More than two-thirds of public transport trips in Brisbane are taken on the bus network, with almost 65 million bus trips taken in Brisbane in the past financial year.
“The turn-up-and-go, fully-electric Brisbane Metro project will make commuting far more convenient, particularly during peak times,” said the Lord Mayor.
“With connections at 18 stations the Brisbane Metro will cater for our growing city and create capacity for an additional 30 million passengers by 2031.
“More than 10,000 people catch a bus to or from the Cultural Centre every day and this redesign will improve the bus network, increase capacity at the station, and deliver better connections into the adjoining arts and cultural precinct.”
Platform 1 is the first of three platforms being upgraded at the Cultural Centre. The completed stage 1 works included removing of an old platform, relocating under-road services, and building a new platform. Temporary platforms have been used to keep the station open during construction.
The transformation of Cultural Centre station will continue into 2024, with future works to include the construction of platforms 2 and 3, upgraded station lifts, new intersection crossings, a bicycle and e-mobility path, upgraded footpaths and tree planting.
The $1.4 billion Brisbane Metro will deliver a 21-kilometre service, upgraded stations, new tunnel under Adelaide Street, new depot at Rochedale and 60 new fully-electric vehicles.

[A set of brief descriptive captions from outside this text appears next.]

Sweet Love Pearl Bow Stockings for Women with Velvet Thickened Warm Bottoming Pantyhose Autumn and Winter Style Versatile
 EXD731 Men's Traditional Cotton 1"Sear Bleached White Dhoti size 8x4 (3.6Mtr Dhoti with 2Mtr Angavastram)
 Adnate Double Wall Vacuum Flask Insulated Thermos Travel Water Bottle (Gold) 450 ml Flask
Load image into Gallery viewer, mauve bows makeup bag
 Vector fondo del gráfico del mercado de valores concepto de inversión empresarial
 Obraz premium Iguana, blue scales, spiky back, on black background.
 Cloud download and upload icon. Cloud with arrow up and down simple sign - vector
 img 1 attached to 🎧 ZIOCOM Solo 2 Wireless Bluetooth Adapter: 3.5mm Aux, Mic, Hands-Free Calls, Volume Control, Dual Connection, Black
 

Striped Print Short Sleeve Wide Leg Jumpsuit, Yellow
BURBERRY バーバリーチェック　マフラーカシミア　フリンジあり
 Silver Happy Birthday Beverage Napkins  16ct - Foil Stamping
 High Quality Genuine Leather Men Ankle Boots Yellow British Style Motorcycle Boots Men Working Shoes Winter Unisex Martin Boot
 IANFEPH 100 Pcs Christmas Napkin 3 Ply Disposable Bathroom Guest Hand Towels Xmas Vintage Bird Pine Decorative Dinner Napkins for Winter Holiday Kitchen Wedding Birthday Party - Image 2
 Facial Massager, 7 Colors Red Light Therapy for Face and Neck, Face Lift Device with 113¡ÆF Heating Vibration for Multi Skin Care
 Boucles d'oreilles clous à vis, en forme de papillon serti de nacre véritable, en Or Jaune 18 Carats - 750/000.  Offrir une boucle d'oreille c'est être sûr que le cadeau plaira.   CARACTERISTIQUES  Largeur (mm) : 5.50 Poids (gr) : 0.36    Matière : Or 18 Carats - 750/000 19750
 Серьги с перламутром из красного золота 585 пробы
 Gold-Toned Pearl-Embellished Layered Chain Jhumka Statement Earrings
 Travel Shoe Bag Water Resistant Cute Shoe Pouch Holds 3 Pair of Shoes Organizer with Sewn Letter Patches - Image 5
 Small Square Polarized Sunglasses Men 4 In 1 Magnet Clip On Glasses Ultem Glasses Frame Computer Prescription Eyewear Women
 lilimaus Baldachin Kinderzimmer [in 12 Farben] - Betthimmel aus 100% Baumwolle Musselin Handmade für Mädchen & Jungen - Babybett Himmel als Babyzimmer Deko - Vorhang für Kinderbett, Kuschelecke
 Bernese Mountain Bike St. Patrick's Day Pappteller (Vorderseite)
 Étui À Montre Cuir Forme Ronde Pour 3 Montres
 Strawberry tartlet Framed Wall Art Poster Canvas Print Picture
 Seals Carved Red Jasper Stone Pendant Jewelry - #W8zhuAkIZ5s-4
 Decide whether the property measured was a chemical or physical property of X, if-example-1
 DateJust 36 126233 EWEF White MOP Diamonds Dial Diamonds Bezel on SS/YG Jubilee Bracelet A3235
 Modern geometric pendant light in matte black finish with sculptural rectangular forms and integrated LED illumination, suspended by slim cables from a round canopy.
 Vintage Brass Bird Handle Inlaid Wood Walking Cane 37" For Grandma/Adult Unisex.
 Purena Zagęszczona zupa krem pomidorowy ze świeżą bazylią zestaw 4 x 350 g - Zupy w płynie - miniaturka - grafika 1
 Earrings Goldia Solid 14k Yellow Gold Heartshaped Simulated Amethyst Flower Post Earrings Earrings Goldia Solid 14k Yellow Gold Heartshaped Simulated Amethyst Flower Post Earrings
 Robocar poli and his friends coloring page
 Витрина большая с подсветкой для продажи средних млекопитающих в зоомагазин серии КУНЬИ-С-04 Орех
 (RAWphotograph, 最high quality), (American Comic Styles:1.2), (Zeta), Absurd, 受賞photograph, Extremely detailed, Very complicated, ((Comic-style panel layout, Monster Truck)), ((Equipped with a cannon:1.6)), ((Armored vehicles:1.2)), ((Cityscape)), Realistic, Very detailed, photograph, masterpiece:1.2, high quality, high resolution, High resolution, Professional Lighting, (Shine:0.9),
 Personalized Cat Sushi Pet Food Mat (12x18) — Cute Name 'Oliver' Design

This does not include the proposed new Woolloongabba busway station which is a separate project being delivered by the State Government at a later stage.
Lord Mayor Schrinner said that in addition to the construction at Cultural Centre station, there were works at more than 10 locations across the city to deliver the infrastructure needed for the turn-up-and-go, fully-electric service.
“There are ongoing works at the Metro depot at Rochedale, as well as Buranda, UQ Lakes and RBWH stations to increase accessibility and capacity at our city and suburban busway stations, as we get ready to implement services next year,” he said.
“As our city continues to grow, it’s essential we make public transport a more attractive option for residents and visitors by making it easier to get to the places people they love.”
Civic Cabinet Chair for Transport, Councillor Ryan Murphy said that as works continued at the Cultural Centre the free South Brisbane Loop trial would be extended for six months to mid-2024.
“The free service launched in January making it easy for people to get to destinations around South Brisbane, including South Bank Parklands, the State Library, QPAC and the Montague Markets.”
“From 18 September the South Brisbane Loop will start service earlier in the day, with the first service to start at 7am Monday to Friday, and 8am on weekends,” said Cr Murphpy.